AMANTEA «La legalità non è questione di guardie e ladri, ma riguarda da vicino tutti i cittadini, nel senso che se c’è più legalità migliora la qualità della vita». Lo ha detto l’ex magistrato…

Pubblicato il: 19/12/2014 – 15:28
Caselli: «La corruzione ci priva di 60 miliardi l'anno»

AMANTEA «La legalità non è questione di guardie e ladri, ma riguarda da vicino tutti i cittadini, nel senso che se c’è più legalità migliora la qualità della vita». Lo ha detto l’ex magistrato Giancarlo Caselli, presidente del comitato scientifico dell’Osservatorio sulla criminalità nell’agricoltura e sul sistema agroalimentare, parlando con i giornalisti a margine della decima edizione del “Forum regionale dell’agricoltura e dell’alimentazione” della Coldiretti Calabria, che si è svolto a Campora San Giovanni. «Questo perché – ha aggiunto Caselli – la corruzione sottrae alla collettività 60 miliardi l’anno, che se venissero recuperati consentirebbero a tutti di vivere meglio, beneficiando di servizi di maggiore qualità. La legalità, dunque, conviene, e questo si può constatare anche nell’agroalimentare. Se in questo settore qualcosa non funziona, se ci sono cioè irregolarità o addirittura presenze mafiose, ne va di mezzo la sicurezza alimentare e quindi la salute dei cittadini. Senza regole, anche nell’agroalimentare, le conseguenze sono devastanti per i cittadini e per le imprese oneste».

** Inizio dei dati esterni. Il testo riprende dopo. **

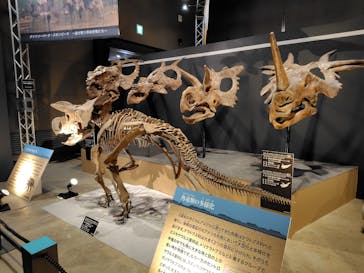 福井県立恐竜博物館に投稿された画像（2024/8/8）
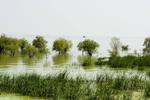 安徽湿地日：加强保护 提升湿地修复能力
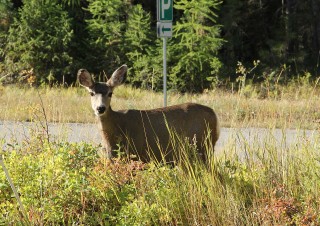 canada-2018-06-001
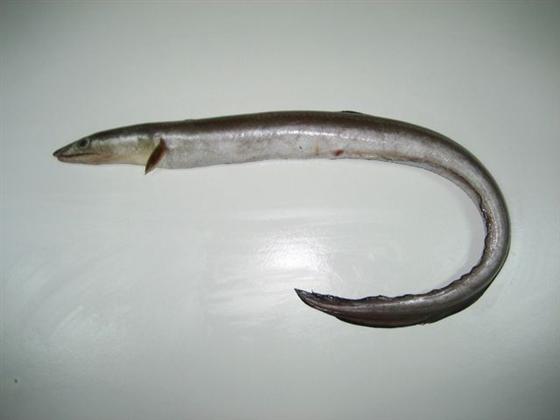 百吉海鰻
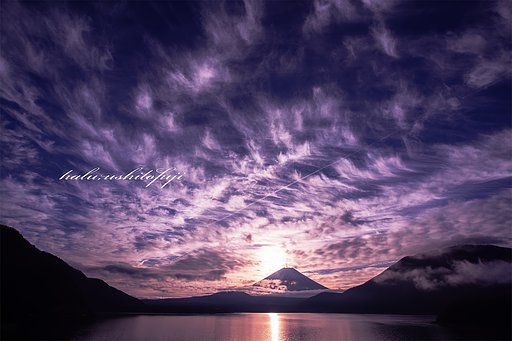 舞い上がる羽雲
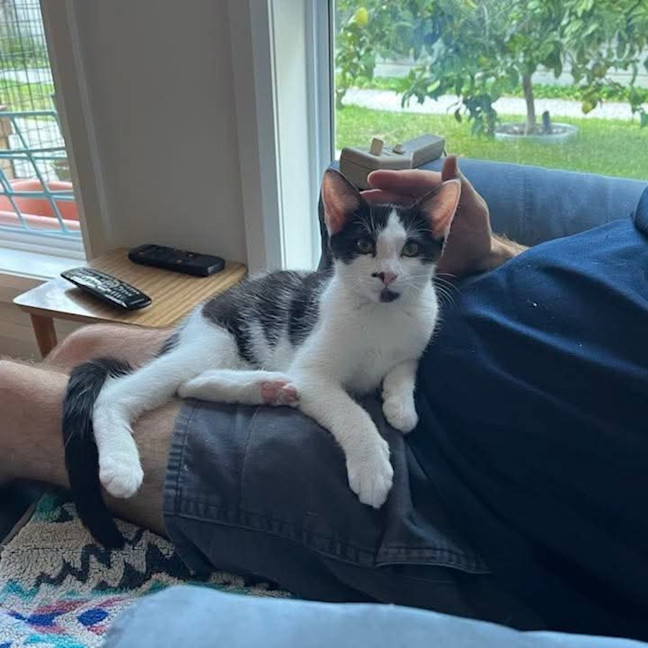 Photo of Acorn & Macadamia 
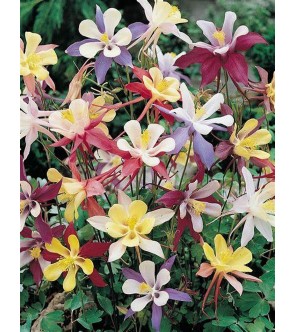 Aquilegia Mckanna Hybrids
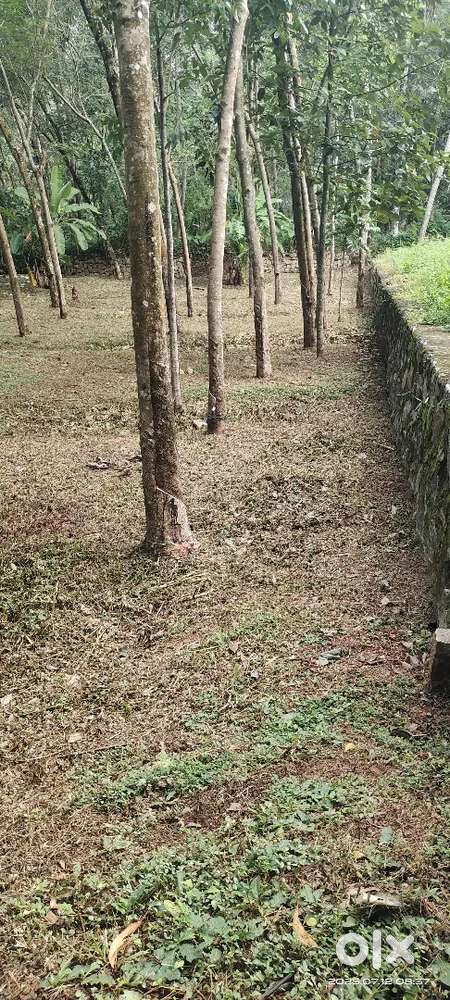 പെരുബഴുതൂർ വിഷ്ണുപുരം ക്ഷേത്രം നിയർ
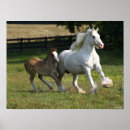 Recherche de foies posters Chevaux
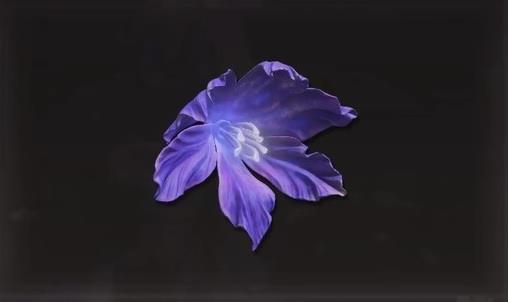 《艾尔登法环》dlc托莉娜孤花获得方法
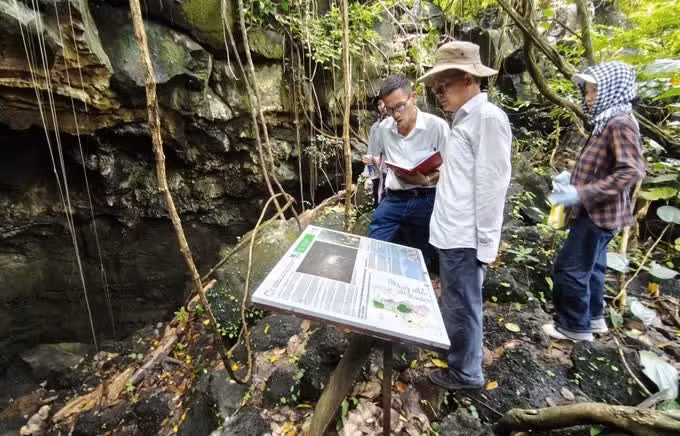 越南联合国教科文组织世界地质公园网络主席陈新文对火山洞穴系统进行考察。（图片来源：dantocmiennui.baotintuc.vn）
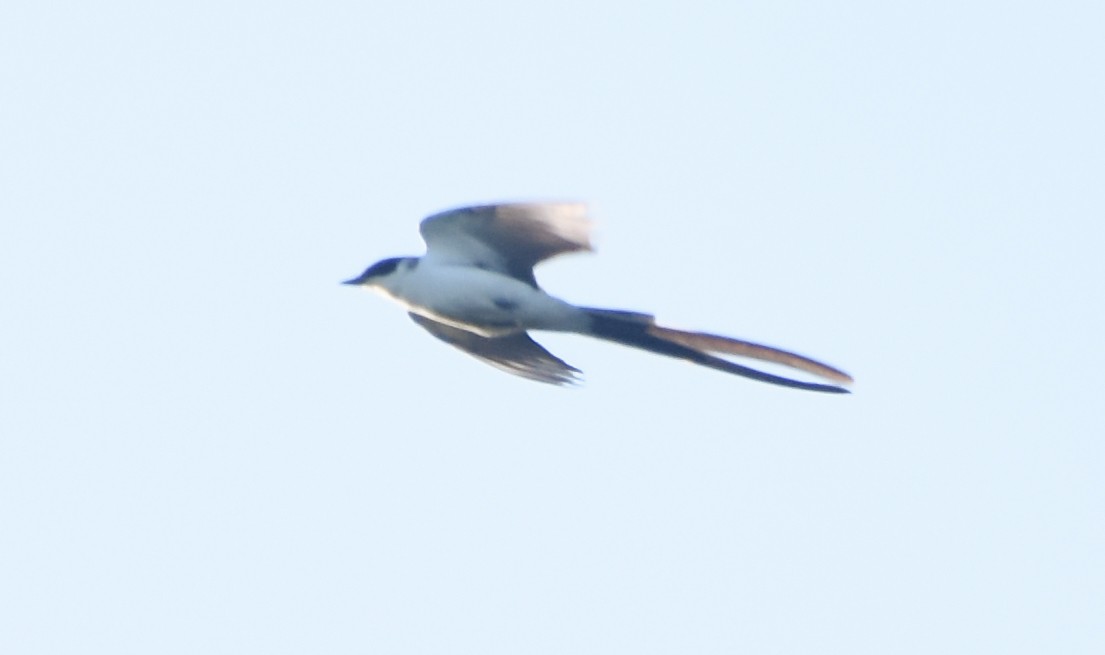 Fork-tailed Flycatcher - ML642947277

«Le organizzazioni mafiose e chi a esse è collegato – ha continuato Caselli – non si negano nulla e sfruttano, speculando e frodando, in questo o in quel settore, i contributi dell’Unione europea sulla base della logica “piatto ricco mi ci ficco”». Ancora, secondo l’ex procuratore della Repubblica di Torino, «non si deve cedere alla logica del “non c’è niente da fare”. Questa situazione si può contrastare con una maggiore vigilanza e attenzione, e con una determinazione comune che deve tradursi in interventi concreti. L’osservatorio che ha creato Coldiretti si propone di monitorare la situazione dell’illegalità, presenze mafiose comprese, nell’agroalimentare, di denunziarla e di lavorare ai rimedi possibili in sinergia con i soggetti e gli enti pubblici e privati interessati a queste problematiche. Si tratta di obiettivi ambiziosi, ce ne rendiamo conto – ha proseguito Caselli – ma gli interessi in gioco, come la salute dei cittadini, l’ambiente e la tutela del made in Italy, sono formidabili e rappresentano valori veri e interessi primari. Fare qualcosa per tutelare meglio questi valori, è nell’interesse della collettivo. L’obiettivo è ambizioso ma – conclude Caselli – vale la pena provarci».